══ Raw data

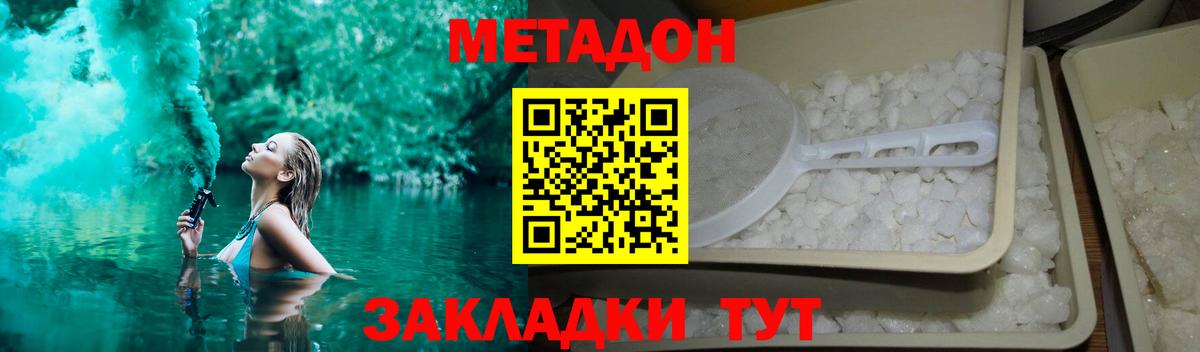 Метадон мёд Нальчик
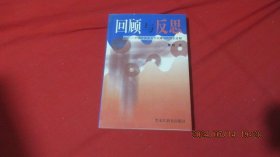 回顾与反思:中国社会主义文化建设的历史进程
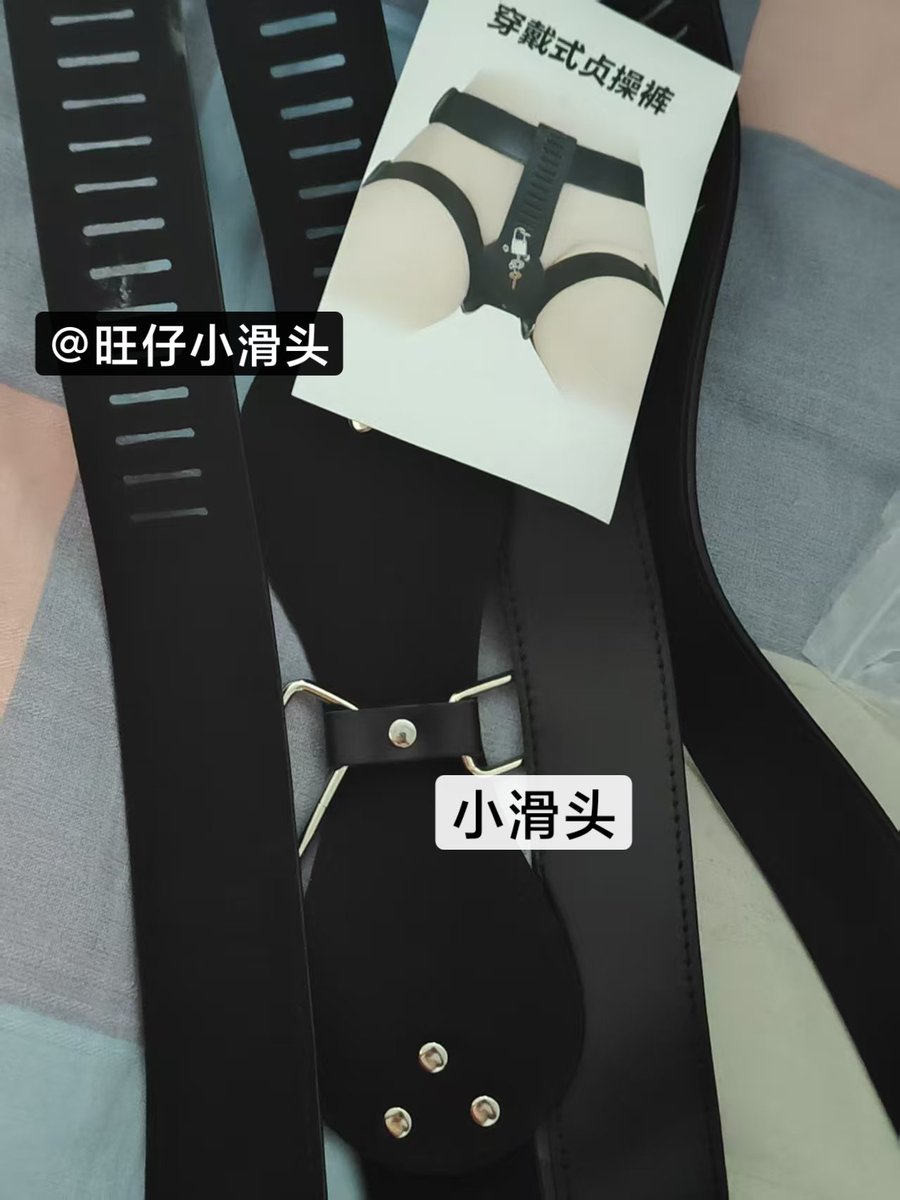 旺仔小滑头 tweet media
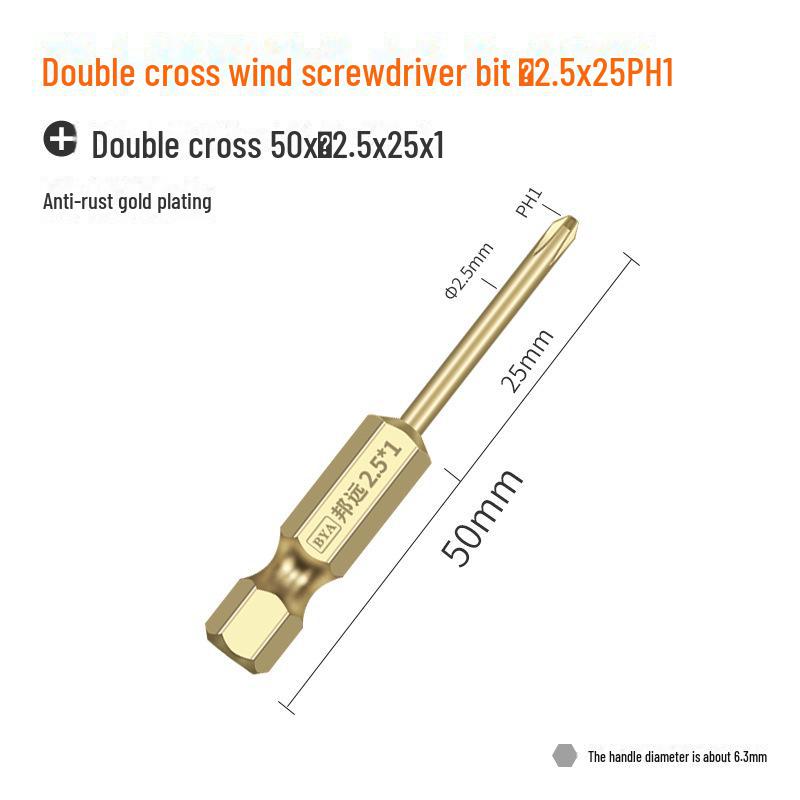 Bangyuan Магнитная двухголовая крестовая электрическая отвертка и ручная дрель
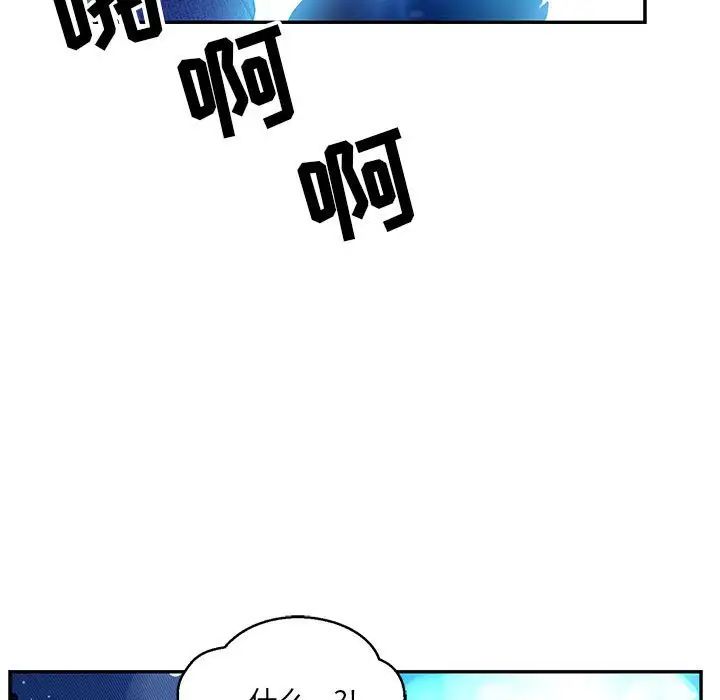 親愛的你-Liebling！第133話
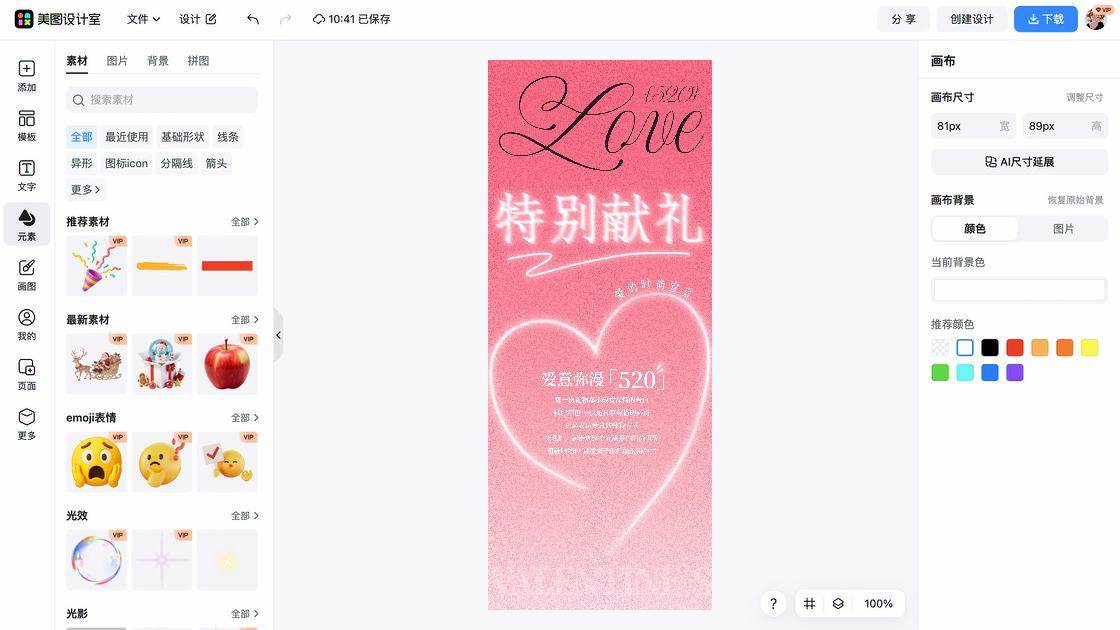 连衣裙折扣海报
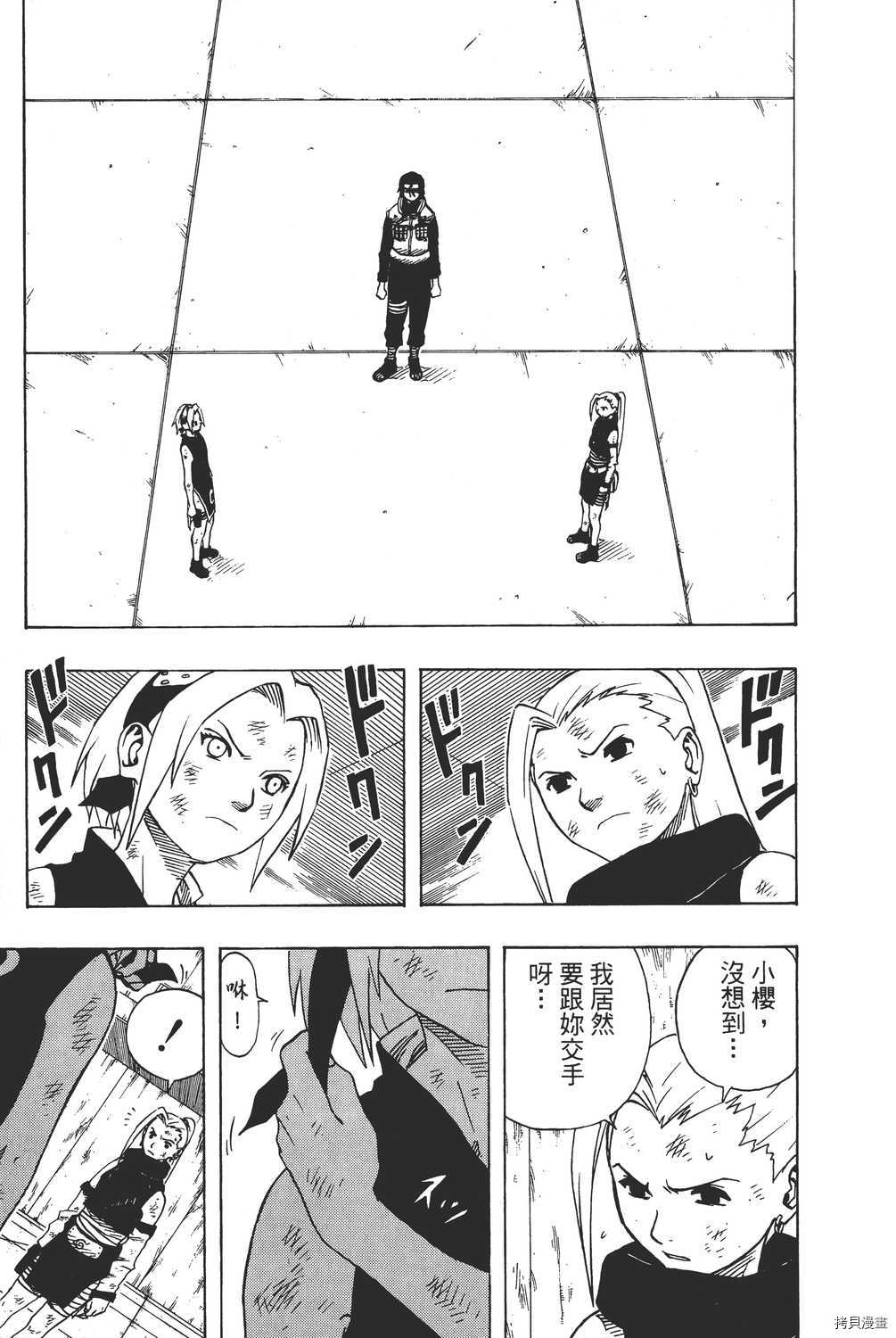 火影忍者[拷贝漫画]韩漫全集-第08卷无删减无遮挡章节图片 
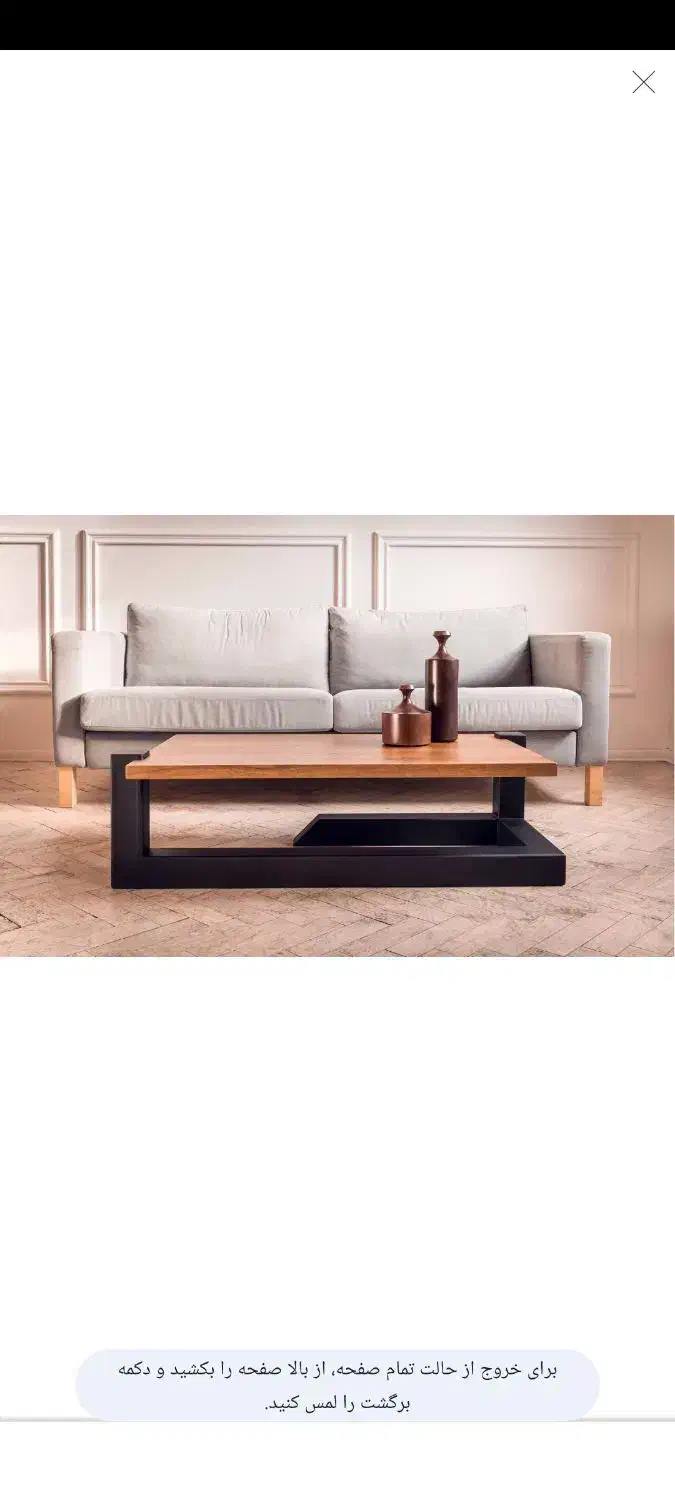 میز عسلی،کنار مبلی|مبلمان خانگی و میز عسلی|قرچک, مهدیه|دیوار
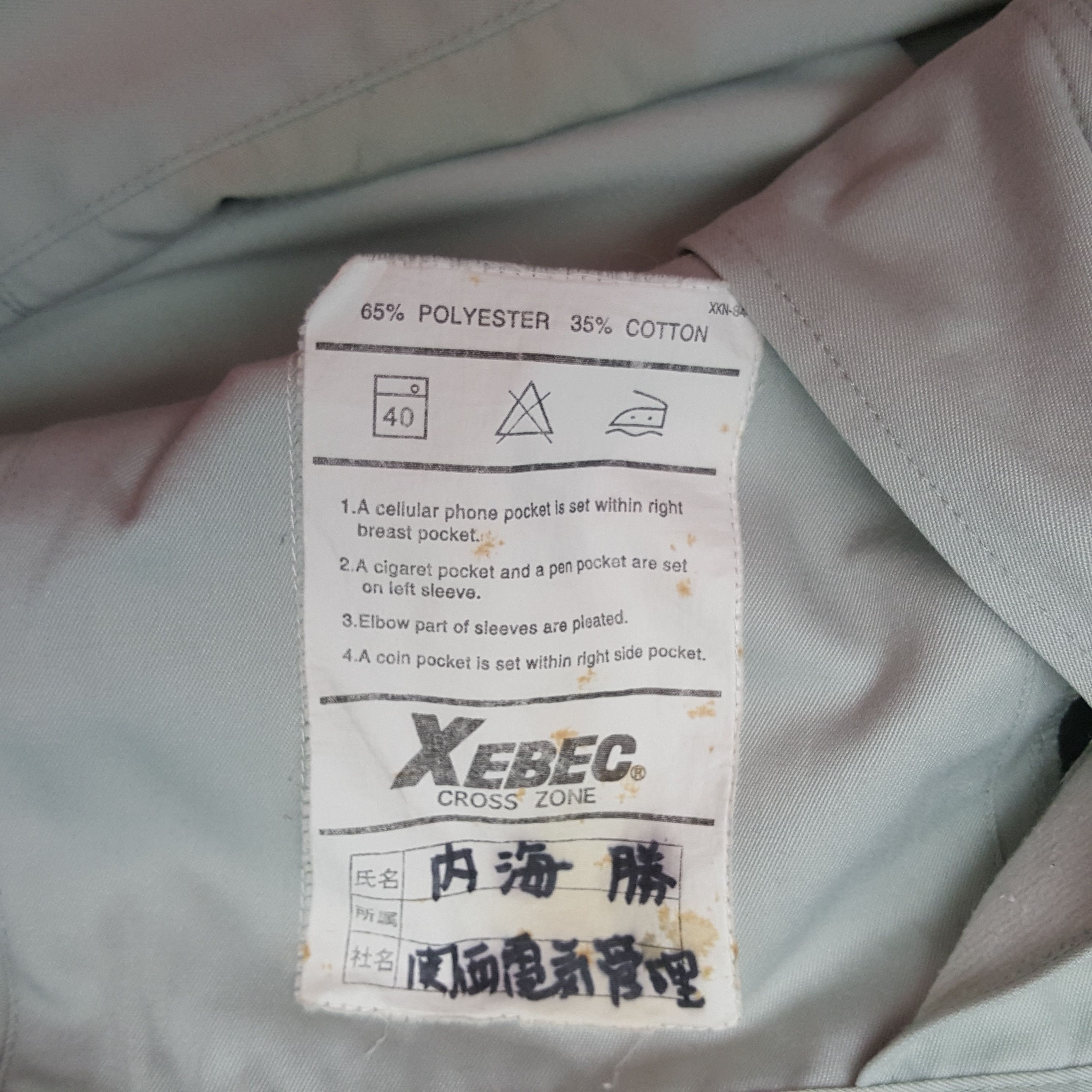 Japanese Brand Vintage TRD Toyato Racing Development Custom Jacket RR19 Size US M / EU 48-50 / 2 - 10 Thumbnail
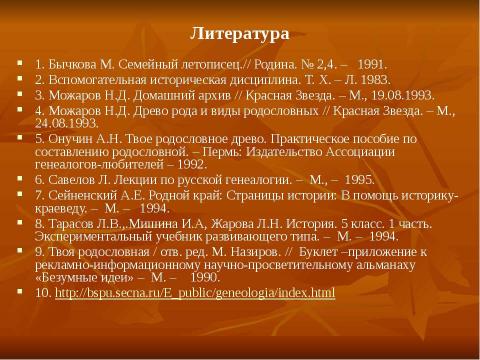 Презентация на тему "Как составить родословную" по истории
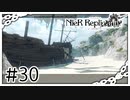 【NieR Replicant】鞄の夫婦と難破船（なーさん実況）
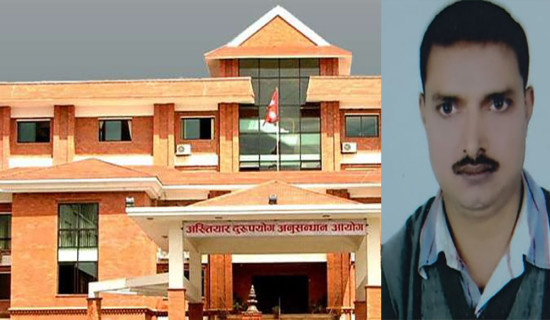 आचारसंहिता पालना गर्न परिपत्र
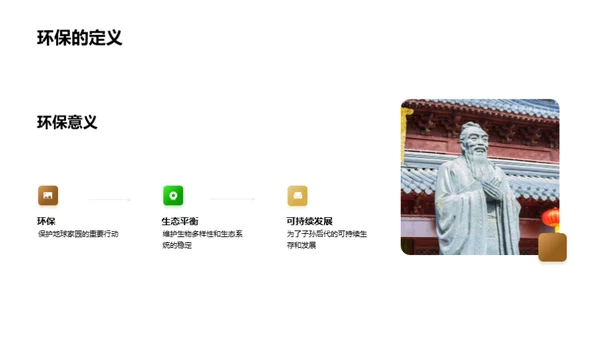 绿行天下，从我做起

════

- **Activity**: Please reproduce the material above word for word, without its images.

- **Solution to this problem**:
 Метадон мёд Нальчик
 回顾与反思:中国社会主义文化建设的历史进程
 旺仔小滑头 tweet media
 Bangyuan Магнитная двухголовая крестовая электрическая отвертка и ручная дрель
 親愛的你-Liebling！第133話
 连衣裙折扣海报
 火影忍者[拷贝漫画]韩漫全集-第08卷无删减无遮挡章节图片 
 میز عسلی،کنار مبلی|مبلمان خانگی و میز عسلی|قرچک, مهدیه|دیوار
 Japanese Brand Vintage TRD Toyato Racing Development Custom Jacket RR19 Size US M / EU 48-50 / 2 - 10 Thumbnail
 Презентация на тему "Как составить родословную" по истории
 【NieR Replicant】鞄の夫婦と難破船（なーさん実況）
 आचारसंहिता पालना गर्न परिपत्र
 绿行天下，从我做起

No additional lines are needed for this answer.